Entenda por que 'O Conto da Aia' inspirou campanha contra PL antiaborto
Entenda por que 'O Conto da Aia' inspirou campanha contra PL antiaborto

SÃO PAULO, SP (FOLHAPRESS) - Após a urgência do PL 1904 ter sido aprovada no plenário da Câmara dos Deputados nesta quarta-feira (12), a internet foi tomada por publicações que comparam o Brasil a Gilead, cenário do livro "O Conto da Aia" — lançado por Margaret Atwood em 1985.

A proposta, de autoria do deputado Sóstenes Cavalcante (PL-RJ), altera o Código Penal e equipara as penas para abortos legais realizados após 22 semanas de gestação às previstas para homicídio simples.

Na atual legislação brasileira, o aborto é permitido em apenas três casos: quando a gestação é fruto de estupro; quando o feto é anancéfalo; ou quando a gestação traz risco de vida a quem gesta.

Caso o projeto seja aprovado, vítimas de estupro que decidem abortar após 22 semanas podem ser condenadas a 20 anos de prisão por homicídio. A pena para essas mulheres seria maior que a de estupradores.

Em protesto, internautas começaram a compartilhar posts e ilustrações que traçavam paralelo entre o Brasil e Gilead, país fictício de "O Conto da Aia" comandado por homens que subjugam mulheres.

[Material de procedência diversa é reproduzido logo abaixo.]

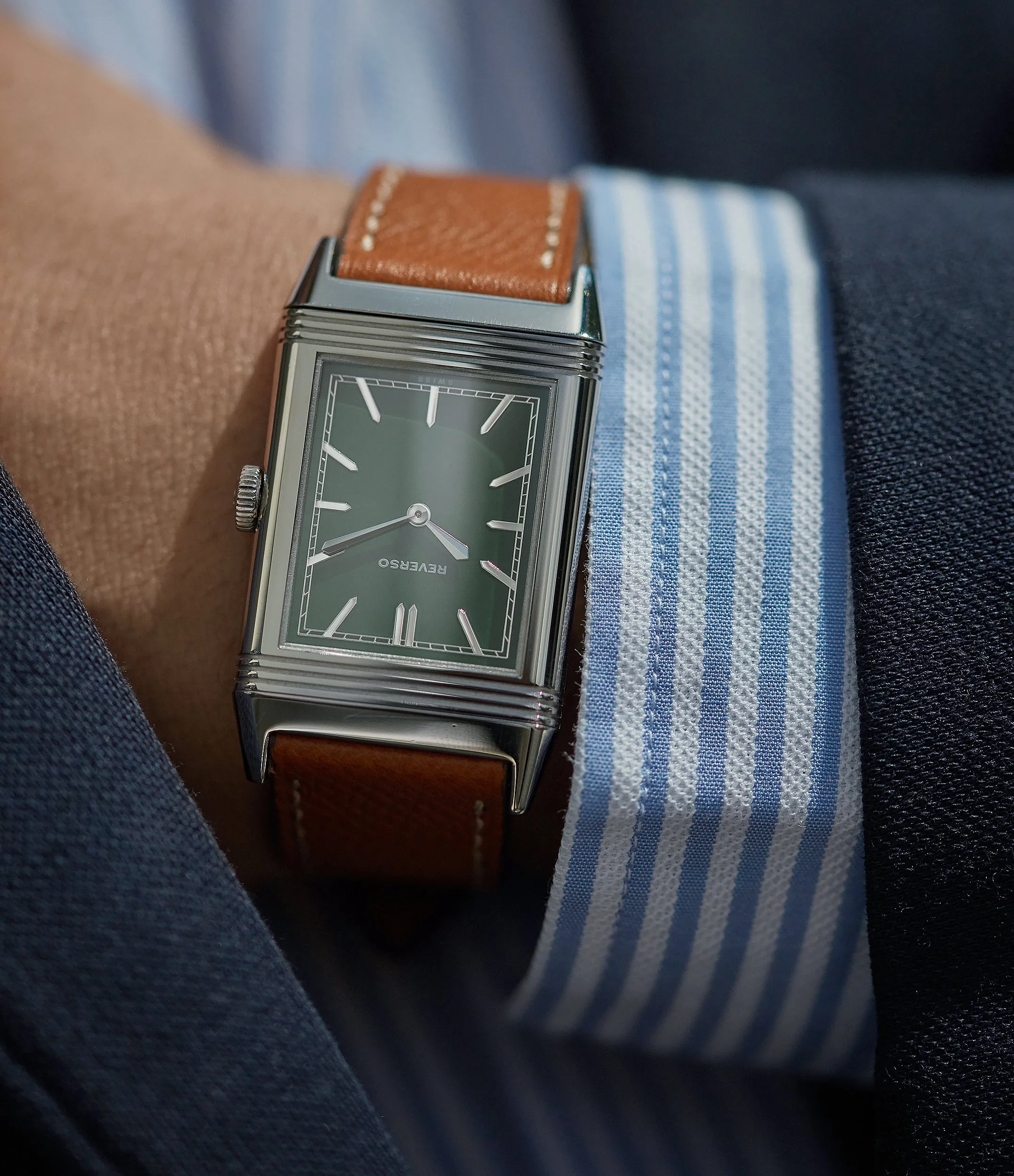 Grand Reverso 1931 | London Flagship Edition | Steel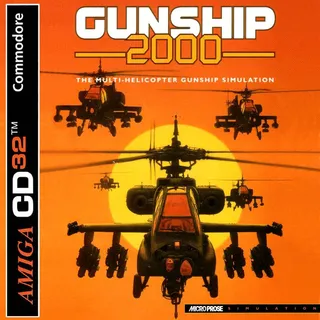 Gunship 2000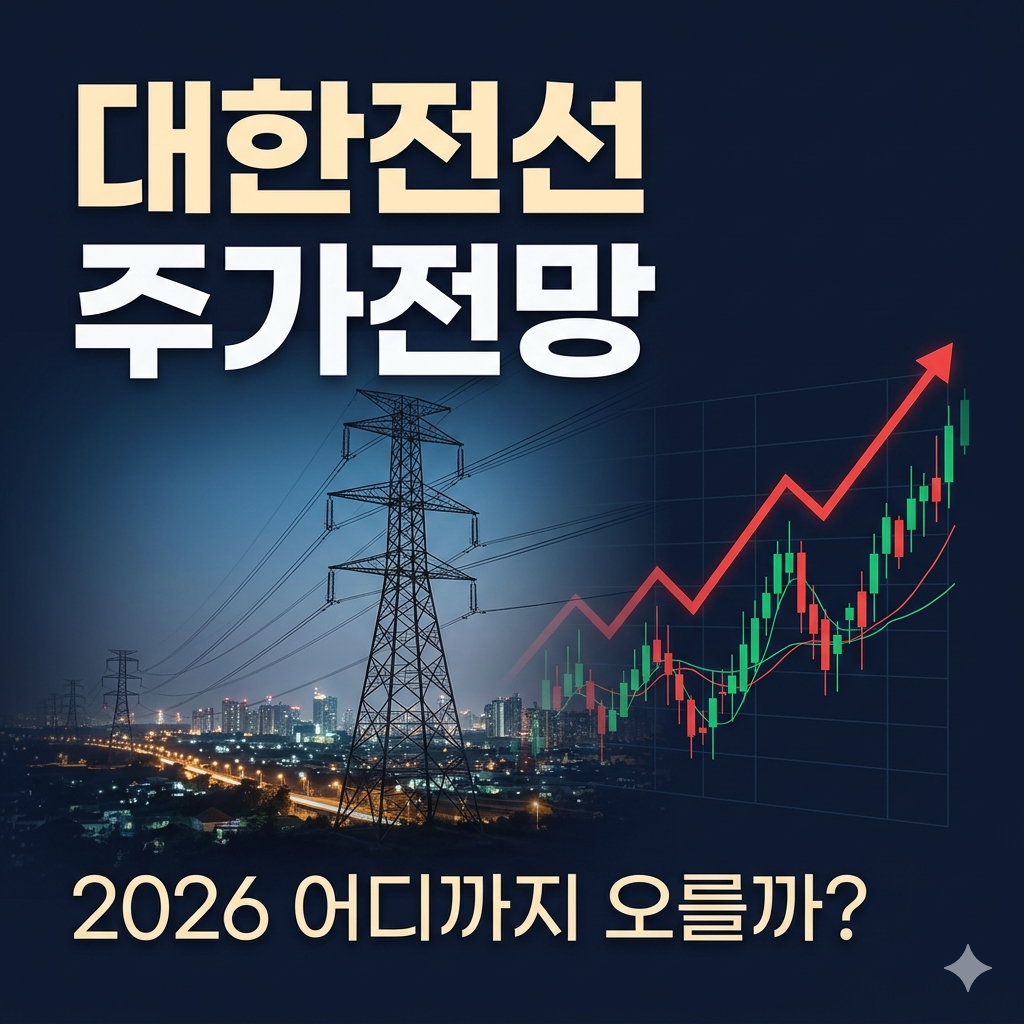 대한전선 주가전망
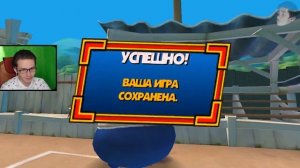 Я В СИЛЬНОМ УДИВЛЕНИИ ОТ ЭТОЙ ИГРЫ (Chicken Little (Цыпленок Цыпа) прохождение #4)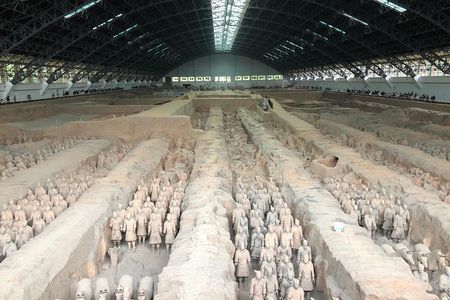 Private Xi'an Highlight Tour of Terra Cotta Army 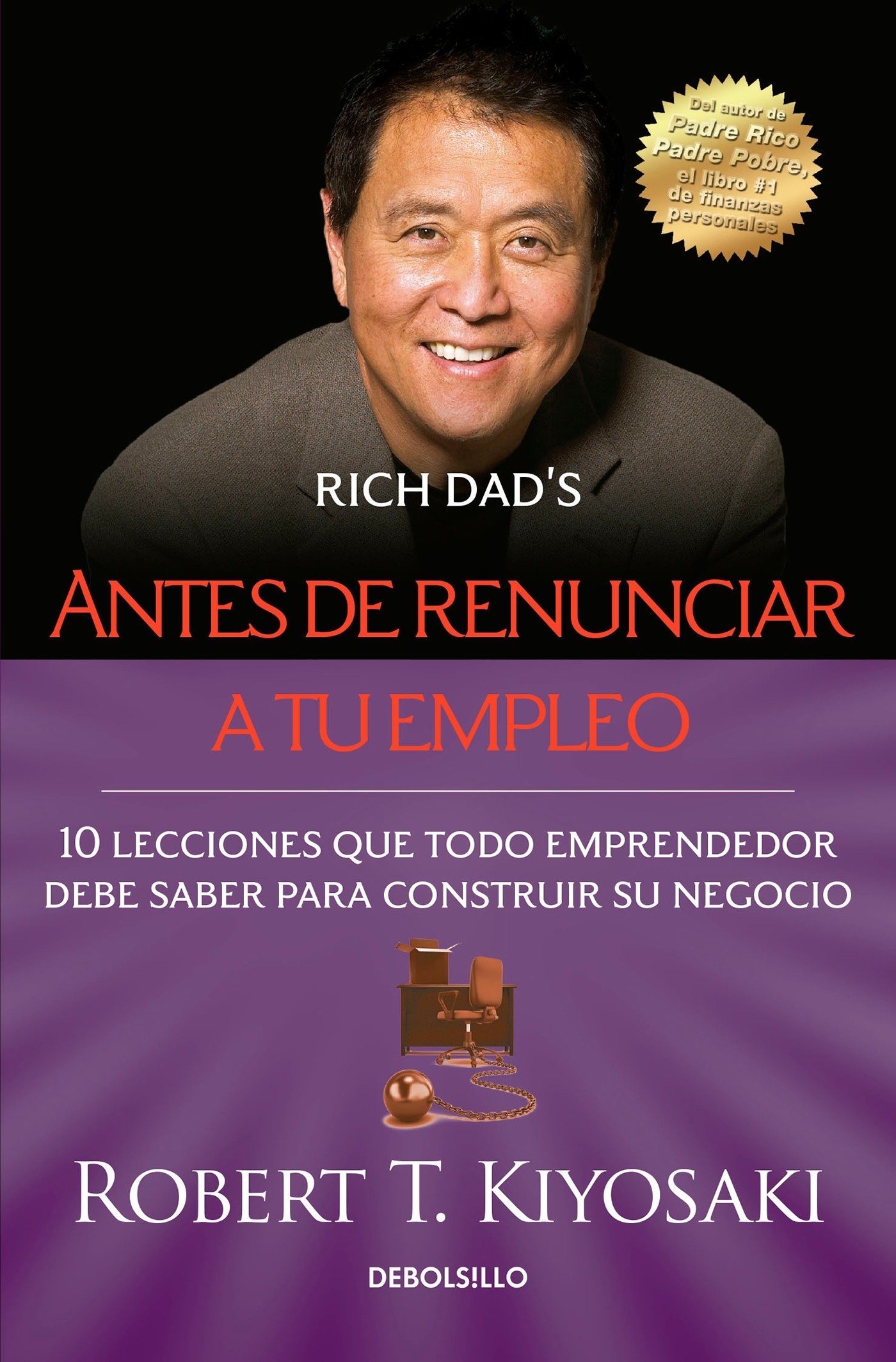 Algopix Similar Product 11 - Antes de renunciar a tu empleo  Rich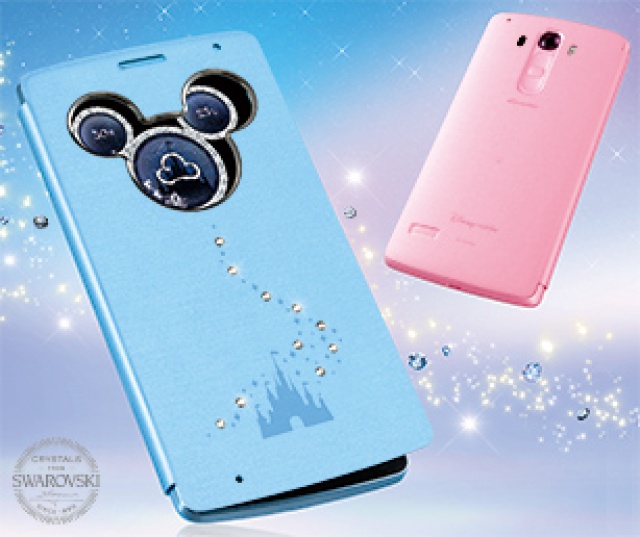 Premier smartphone pour Disney Mobile 165945sdl5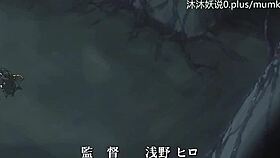 chinese anime babe shows big ass in hentai lover scene 😍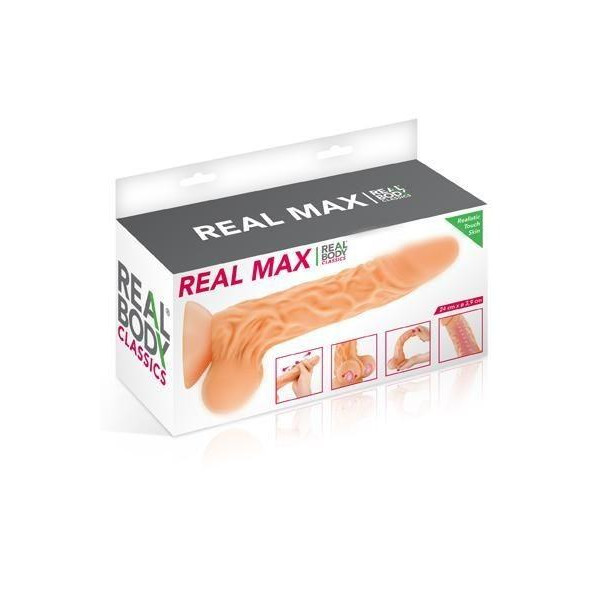 Real Body Max (SO1890) - зображення 1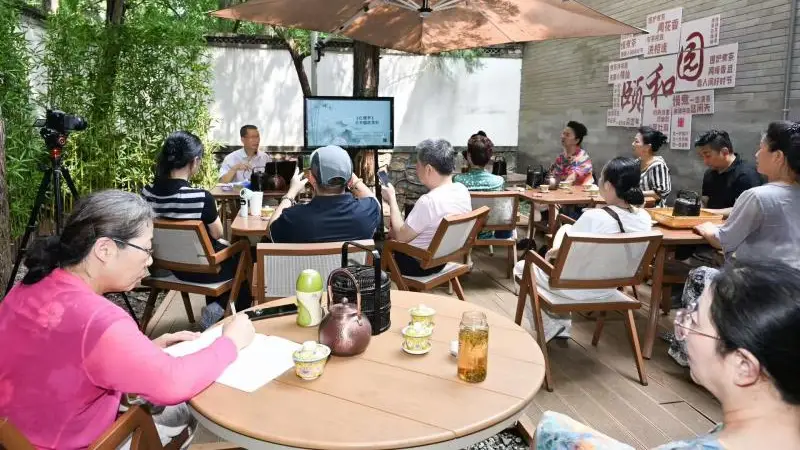颐和园8月推主题游园 开辟西北片区新游览路线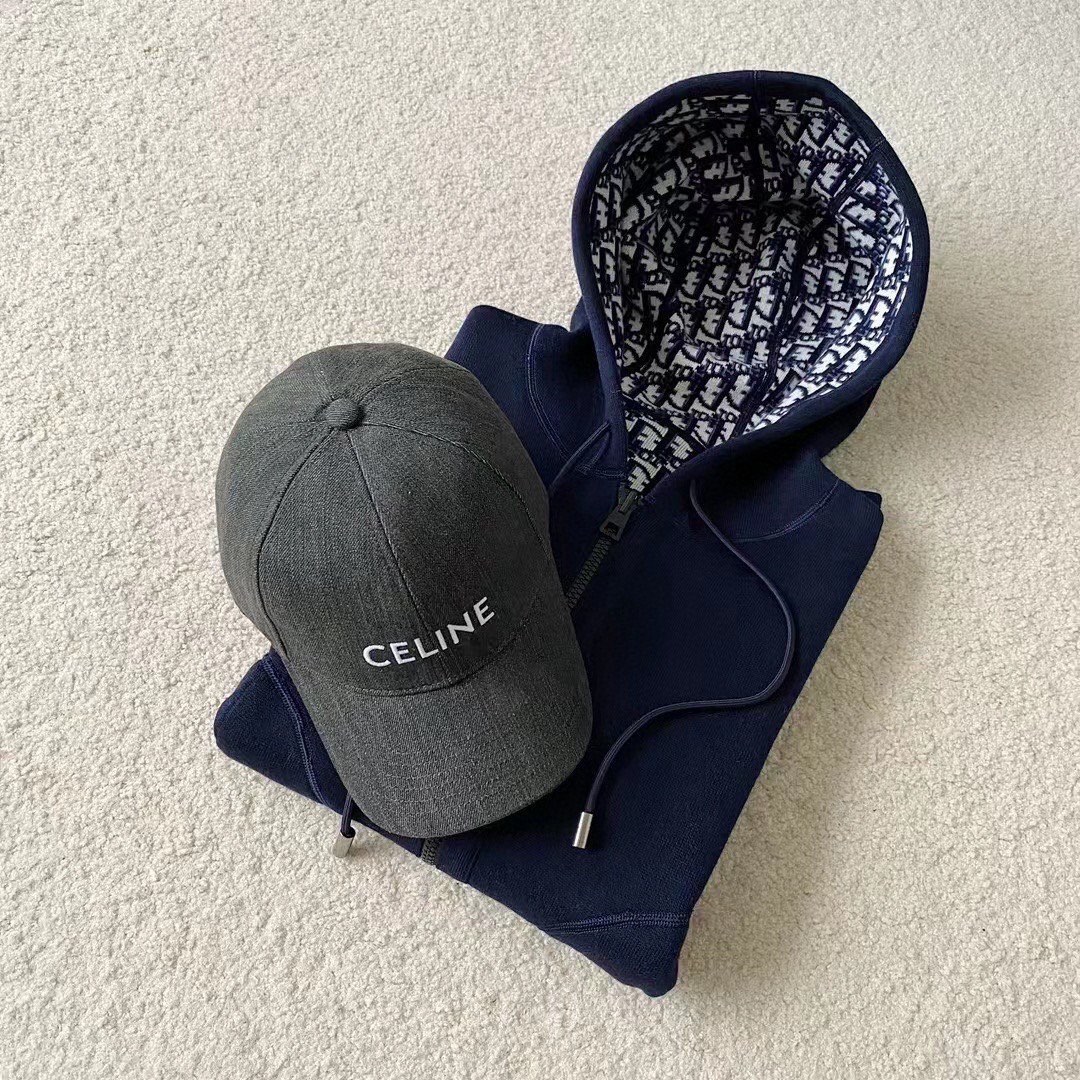 셀린느 모자 83096 Celine Cap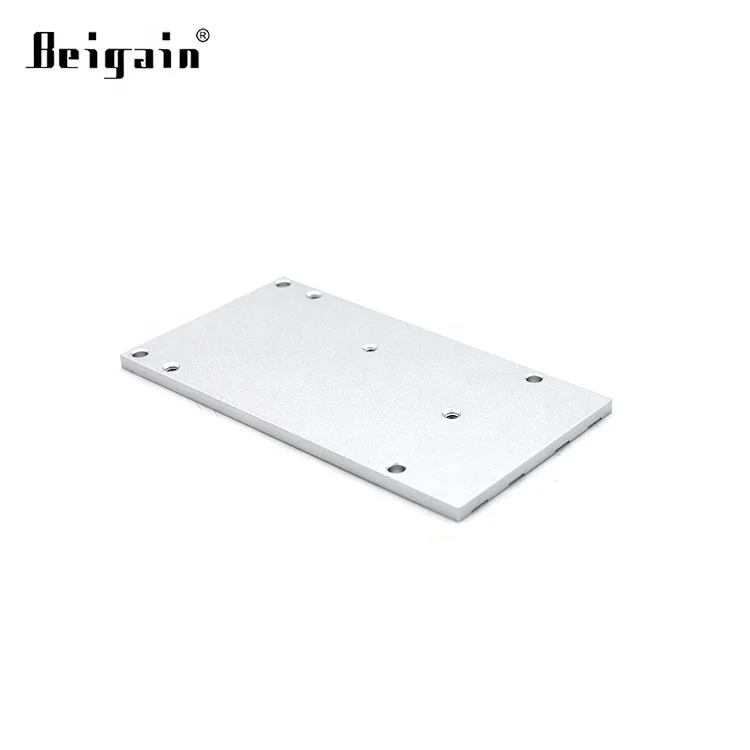 Custom Cheap CNC Turning Milling Machining Aluminum Sheet Metal Fabrication Parts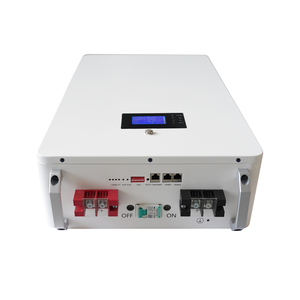 ระบบแบตเตอรี่ลิเธียมโซลาร์ติดผนัง 51.2V 48V Lifepo4 100ah 5Kwh 10Kwh สำหรับเก็บพลังงานภายในบ้าน พร้อมระบบป้องกัน BMS - Product Image 2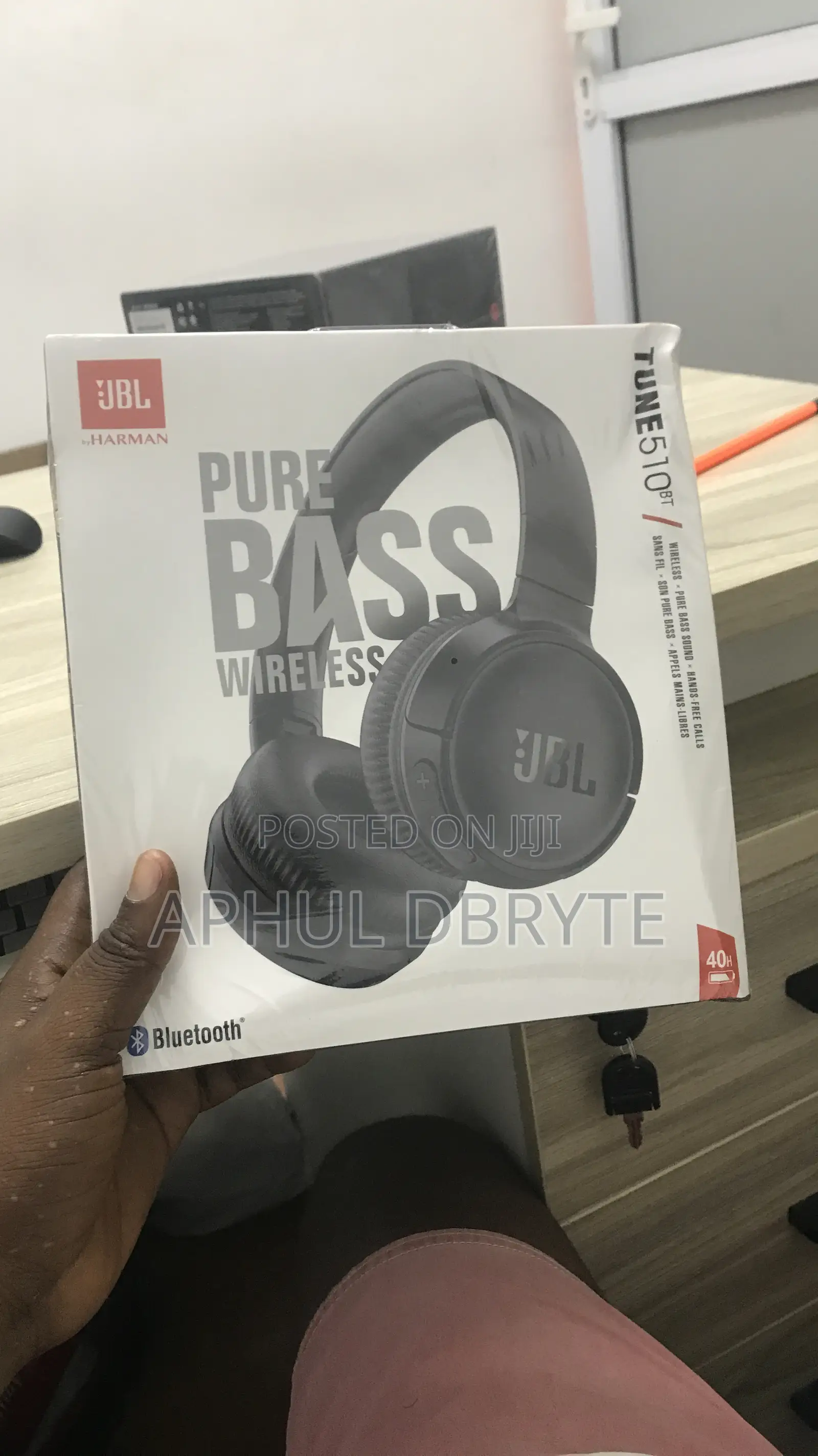 JBL Tune 510bt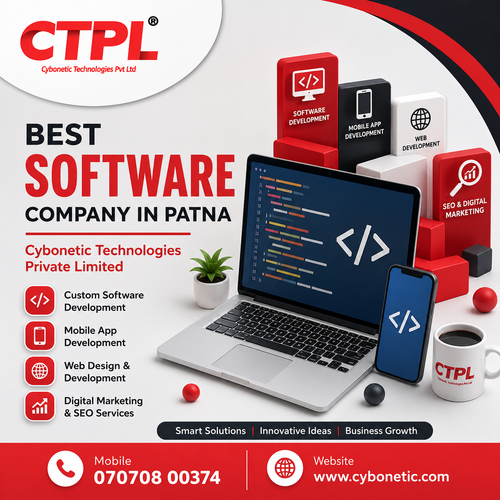 Cybonetic Technologies Pvt Ltd: Best Software Company in Patna.png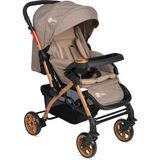 AB320 Active Çift Yönlü Bebek Arabası - Beyaz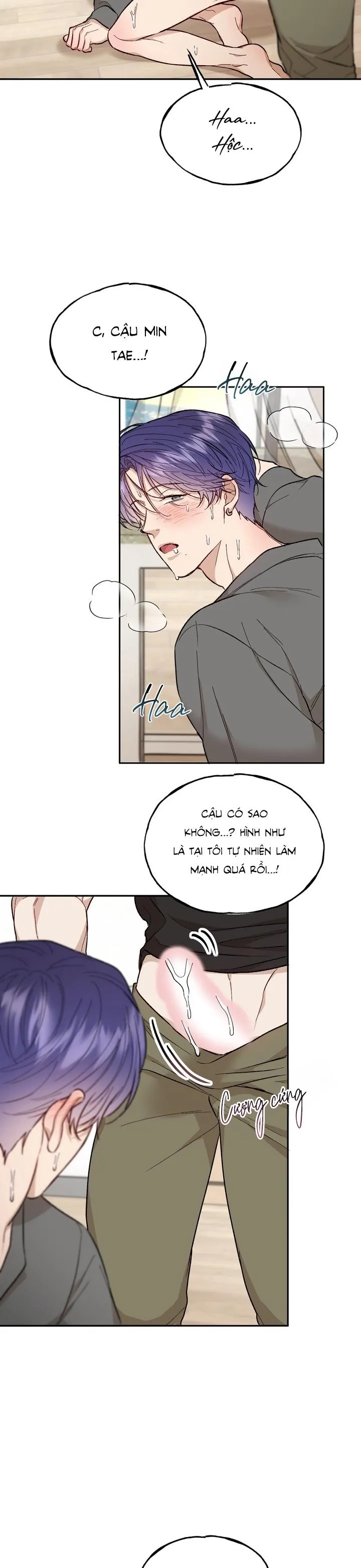 KIỆT TÁC ĐIÊU KHẮC Chapter 12 Trang 18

Elas são chamadas de aias e sua função nessa sociedade distópica é gerar filhos para as famílias que as dominam. Isso quer dizer que o estupro não é apenas normalizado, mas também estimulado.

As mulheres de Gilead usam roupas e cores prescritas pela sua posição na sociedade: vermelho para as aias e azul para as mulheres casadas. Apesar da violência extremada a que são submetidas, as aias lutam para recuperar sua autonomia e derrubar o governo de Gilead.

Por esse motivo, a capa vermelha das personagens se transformou em símbolo de resistência aos ataques contra os direitos reprodutivos das mulheres. A vestimenta tem feito parte de protestos em países como Estados Unidos, Inglaterra e Argentina.

No Brasil, o traje também é usado em resposta ao machismo, motivo pelo qual inspirou ilustrações e posts contra o PL 1904.